Fine-tuned SLMs can sound exactly like your business. It’s a powerful move for established brands with a clear voice.

Running multiple models on one box

Ollama can hold many models and swap them as needed. For a small business:
  • gemma3:9b for customer chat (ES/PT/EN/FR).
  • phi4:14b for document processing and invoice extraction.
  • mistral:7b for French Caribbean content.
The OS swaps them in and out of memory.

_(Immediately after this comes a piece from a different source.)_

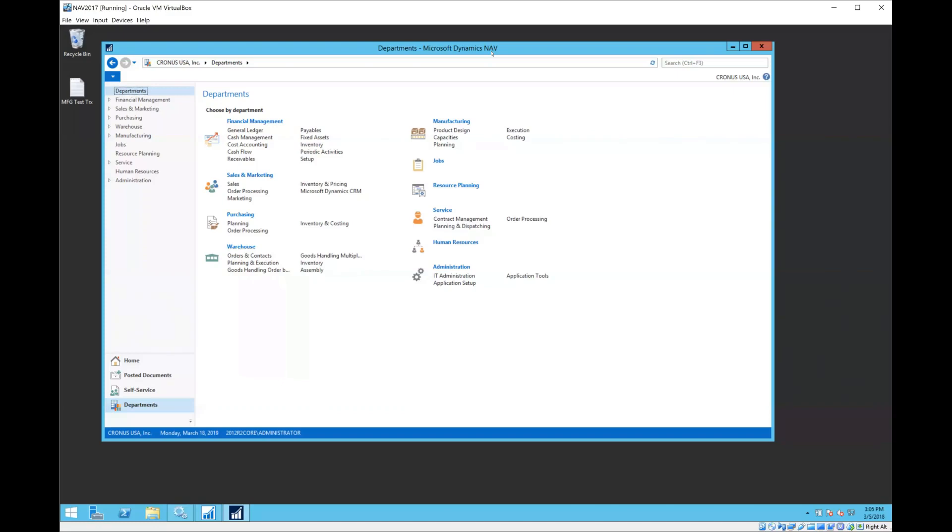Okay, today we're going to talk about how to correct entries in Dynamics NAV. The version of Dynamics NAV I'm using is 2017, and 2017 actually has some features that are new, so I thought we would show you those new features and then talk about traditionally, if you don't have 2017, what are your options today for correcting invoices or payments or ledger entries.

With 24-64 GB unified memory, you keep two resident and swap to a third on demand.

Troubleshooting

“My model is slow.” Check RAM usage. If the model exceeds your RAM, it swaps to disk and crawls. Use a smaller quantization or a smaller model. “My model says something wrong.” Local SLMs are weaker than frontier cloud models on reasoning. Give more context in the prompt, use RAG for facts, or escalate hard cases to cloud. “My model forgets.” SLMs have shorter effective context windows than cloud models. Summarise older turns into a running “state” variable and put it in the system prompt. “My fine-tune got worse.” Usually caused by too few examples, too many epochs, or inconsistent data. Start with 1,000 high-quality examples and 2-3 epochs. “I can’t run Llama 4 Scout on my Mac.” Even Q4 needs 48-64 GB of unified memory. Drop to Gemma 4 9B or a smaller Qwen 3.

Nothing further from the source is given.